Estimates have come down:
Analysts have already trimmed their estimates on Apple, with much of the decline coming since Apple's fourth quarter report. At that report, Apple guided to fiscal Q1 revenues of $52 billion and earnings per share of $11.75. Now we know that Apple usually gives conservative guidance, but the earnings forecast was much weaker than expected. Apple on the conference call guided to just 36% gross margins. Their reasoning was an extraordinarily large introduction of new products, the largest in corporate history. In addition to some of those products being lower margin, like the iPad mini, Apple said it would spend more on shipping costs in an effort to get products to the consumer quicker. Most expect a margin rebound going forward, so this should be a one quarter issue.
Going into Apple's Q4 report, analysts were looking for Q1 revenue of $54.98 billion and earnings per share of $15.41. For the fiscal year, ending in September, analysts were expecting $193.97 billion in revenues and earnings per share of $53.24.
Thanks to Apple's low earnings guidance, analysts have taken down their earnings estimate for Q1 to the current average of $13.33. Also, the revenue average has come down a little to the current average of $54.54 billion. That implies that analysts believe Apple will come in about 4.9% above where Apple guided to on the revenue front, and 13.4% above on the earnings front.
The full-year estimates have come down a bit as well. I put together the following table, showing the average analyst estimates for the full-fiscal year, over time. As you can see, even in the last week or so, estimates have come down. The revenue numbers are in billions, and earnings per share are actual.
A large part of the last hit above has to do with the fiscal second-quarter estimates. Since January 3, the average revenue estimate for Q2 has come down from $47.06 billion to $46.94 billion, and the average for earnings per share has declined from $12.15 to $12.12.
Final thoughts and stock movement:
We've already seen Apple's estimates start to go down, and there have been a number of negative reports from analysts. This seems very similar to last quarter, where a number of late estimate cuts helped Apple to beat on the top line. I wouldn't be surprised if we repeat that process this time around.
As for the stock price, Apple has come down since late September's high of $705.07. Since then, we've seen lower highs and lower lows, which I've tallied in the following table. Except for one or two points, the trend has been lower and lower.
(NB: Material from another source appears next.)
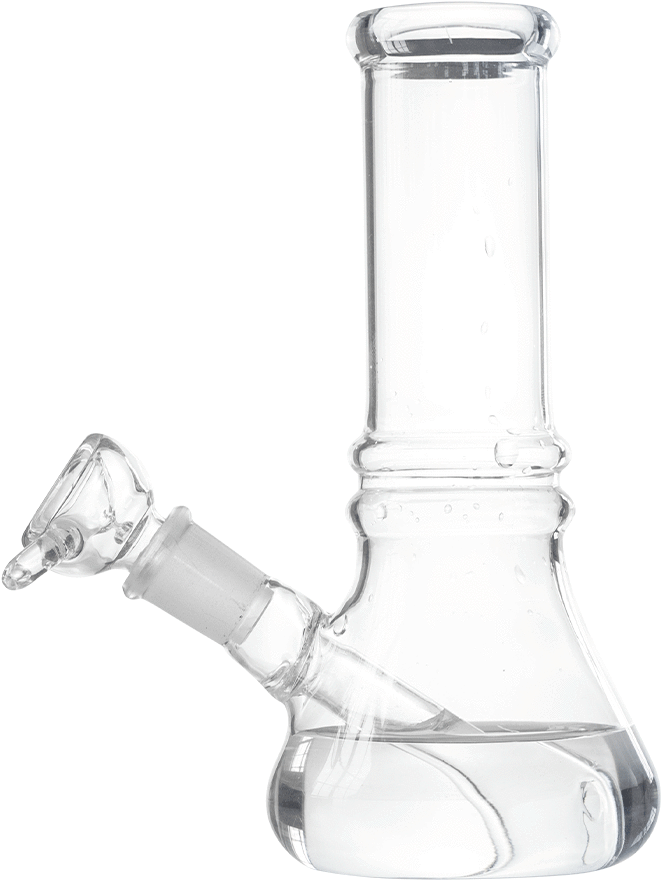 bong 桌布 壁紙 — 一個透明玻璃水煙槍，帶有注水底座和傾斜吸嘴，孤立地立在黑色背景前。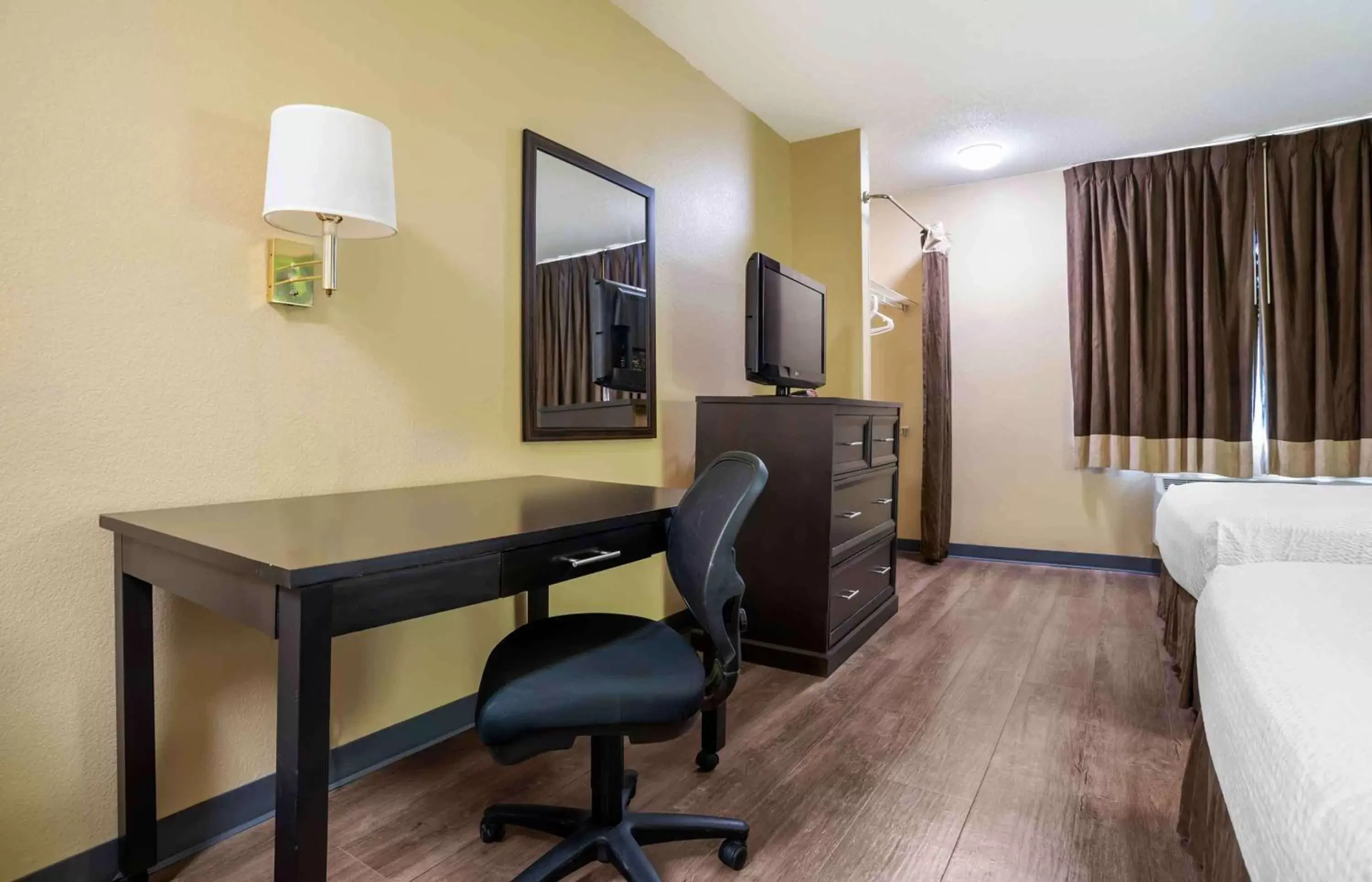 Bedroom, Seating Area in Extended Stay America Suites - Baton Rouge - Citiplace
If we continue to see more analyst negativity, Apple's stock will continue to decline. For that reason, I'm including this article as a "short idea". I am not calling Apple a long-term short, in fact my opinion on the name is quite the opposite. What I'm saying here is that if we see a repeat of last quarter, Apple could be a good short for a trade up until earnings. If we see additional negative notes and estimate cuts, I would not be surprised to see Apple break below $500 before earnings, and I think we could trade all the way down to $475 at some point. Apple could be in for a repeat of last quarter, and if that is the case, shares could go lower over the next few weeks.